[Date Prev][Date Next] [Thread Prev][Thread Next] [Date Index] [Thread Index]

Hurd on my i486 won't boot



This was originally private mail to Marcus Brinkmann, who suggested that I
should send it on to the list. I'm not on the list and can't find
instructions on how to join it, so (apologies in advance) replies by mail,
please. I'd really like to try this thing out!

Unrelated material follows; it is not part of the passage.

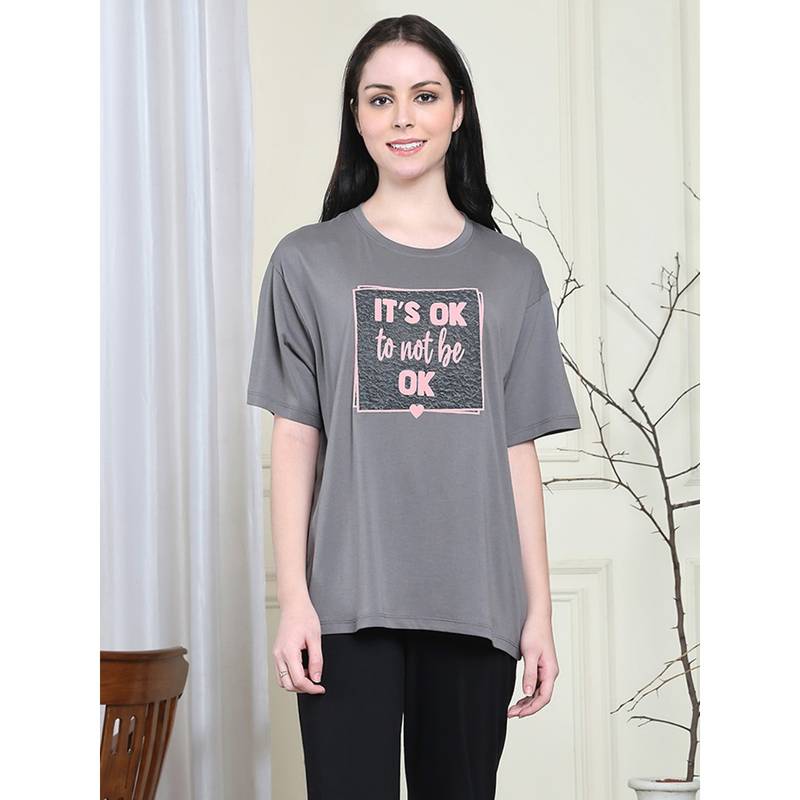 Kanvin Women Grey T-Shirt (S)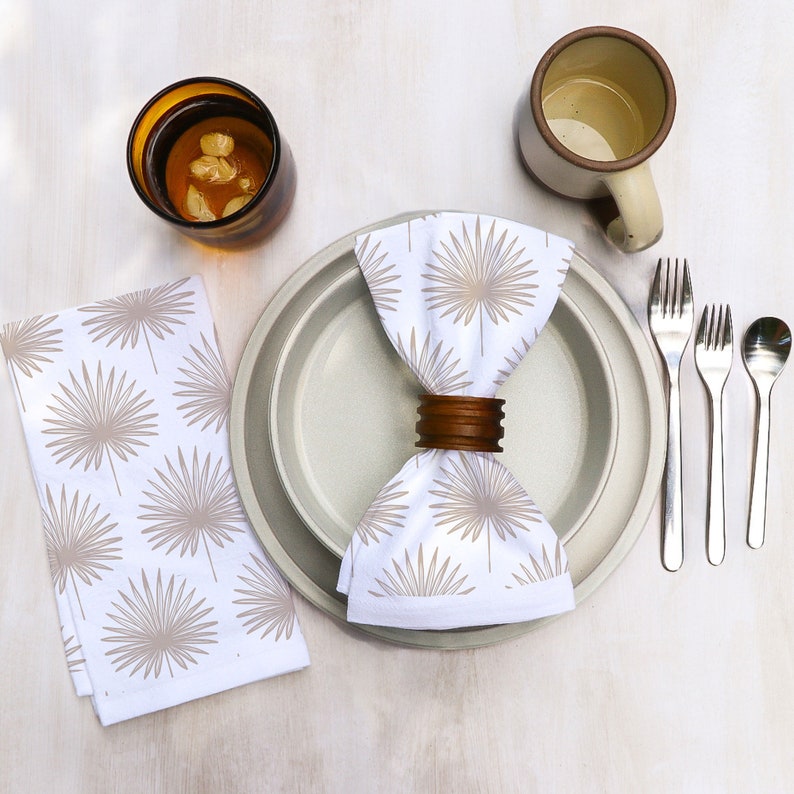 Cotton Dinner Napkins with Palm Leaves Design in Various Colors Boho on Bright White Cotton Organic Tropical Midcentury Modern Dining Decor Taupe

Basically, I've created a partition with mke2fs -o hurd /dev/hda3 under
Linux and tar xvzpf'd gnu-19990104.tar.gz into it. I'm using a GRUB 0.5 boot
floppy.

I then do:

root=(hd0,2)
kernel=/boot/gnumach root=hd0s3 -s
module=/boot/serverboot
boot

> > After this, my Num Lock light goes off and everything freezes; it doesn't
> > try to read from the hard disk.
> Mmmh. If you experience more troubles, we need to investigate closer :)
> Maybe there is more happening.

As Marcus said, and as I expected, it should show some kernel messages.
Instead, it freezes; no hard disk or floppy activity, the Num Lock light
goes out, and Ctrl-Alt-Del doesn't do anything.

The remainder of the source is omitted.